Pay for the Bridal Party’s Accommodations
Destinations weddings are expensive to attend. Etiquette states the bridal couple should foot the hotel bill for groomsmen and bridesmaids. If the couple’s families are paying, the bride’s family pays for the bridesmaids and the groom’s family pays for the groomsmen. Other costs, such as travel, do not need to be covered.
Invite Everyone to the Rehearsal Dinner
Wedding etiquette dictates out-of-town guests should always be invited to a rehearsal dinner, but this is particularly important for a destination wedding. Spend as much time as possible with them, lest they feel like a secondhand guest. If there is a brunch the next day everyone should be invited to that as well.
Organize a Group Activity
You’ve found a great location for the wedding, so take advantage of it. Find something the locale offers that guests would not normally get to experience.
Don’t Expect Cell Service Outside the US
We are very used to making and changing plans at the last minute with cell phones. However, most cell plans only cover the United States. They simply will not work outside the country. Even if you have an international plan, all of your guests probably do not, so planning everything ahead of time thorough detailed communication is really crucial.
Don’t Expect Expensive Gifts
Travel may already be breaking people’s budgets, so don’t be surprised if gifts are minimal. You may even express there is no need for gifts, that you consider their presence to be gift enough.
Provide Welcome Gifts
Many couples at destination weddings offer guests a gift bag upon arrival. These often contain useful items such as sunscreen, but they may also contain something intended to be taken home. Just remember such gifts have to fit into suitcases and pass TSA inspection if guests are flying.
Gift bags can also include local maps, schedules, points of interests and other information but vital and helpful. This information has hopefully been previously shared, but it’s a handy backup for guests who forgot theirs at home. This also allows for last minute changes to plans to be communicated.

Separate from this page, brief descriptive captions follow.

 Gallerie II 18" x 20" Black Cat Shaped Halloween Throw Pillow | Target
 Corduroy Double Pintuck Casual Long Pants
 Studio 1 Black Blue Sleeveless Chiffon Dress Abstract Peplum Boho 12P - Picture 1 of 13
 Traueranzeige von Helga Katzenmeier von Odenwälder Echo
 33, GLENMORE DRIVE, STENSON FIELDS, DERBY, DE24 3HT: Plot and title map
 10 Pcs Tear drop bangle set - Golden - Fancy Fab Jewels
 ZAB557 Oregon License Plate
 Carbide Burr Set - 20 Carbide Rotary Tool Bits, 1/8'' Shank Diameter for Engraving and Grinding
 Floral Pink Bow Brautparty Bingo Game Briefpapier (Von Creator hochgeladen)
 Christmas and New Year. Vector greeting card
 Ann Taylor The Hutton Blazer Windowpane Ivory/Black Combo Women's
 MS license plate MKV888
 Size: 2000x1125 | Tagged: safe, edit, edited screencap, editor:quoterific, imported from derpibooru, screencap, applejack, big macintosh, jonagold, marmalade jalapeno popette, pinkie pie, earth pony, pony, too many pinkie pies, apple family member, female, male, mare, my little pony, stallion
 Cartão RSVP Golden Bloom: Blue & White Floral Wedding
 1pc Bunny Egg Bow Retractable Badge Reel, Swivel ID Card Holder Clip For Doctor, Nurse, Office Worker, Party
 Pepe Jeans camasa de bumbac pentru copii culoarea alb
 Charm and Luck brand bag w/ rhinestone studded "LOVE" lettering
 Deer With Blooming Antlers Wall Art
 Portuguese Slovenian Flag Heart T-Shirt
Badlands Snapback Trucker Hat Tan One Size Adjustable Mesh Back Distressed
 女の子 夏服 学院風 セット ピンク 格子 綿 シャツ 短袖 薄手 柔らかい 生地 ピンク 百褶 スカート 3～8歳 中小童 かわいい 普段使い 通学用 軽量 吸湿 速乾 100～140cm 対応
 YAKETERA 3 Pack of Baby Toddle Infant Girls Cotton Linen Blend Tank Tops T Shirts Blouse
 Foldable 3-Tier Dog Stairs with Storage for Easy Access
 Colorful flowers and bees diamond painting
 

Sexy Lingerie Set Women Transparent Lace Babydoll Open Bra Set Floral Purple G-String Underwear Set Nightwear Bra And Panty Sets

Destination weddings are a serious undertaking for both the wedding couple and their guests. It’s meant to be an experience everyone will remember, so do your best to assist guests in enjoying the event. Be considerate, anticipating problematic aspects of the trip and mitigate them when possible. Provide plenty of communication, and show your appreciation by including everyone in as many things as possible. Make attending a destination wedding a vacation rather than a chore.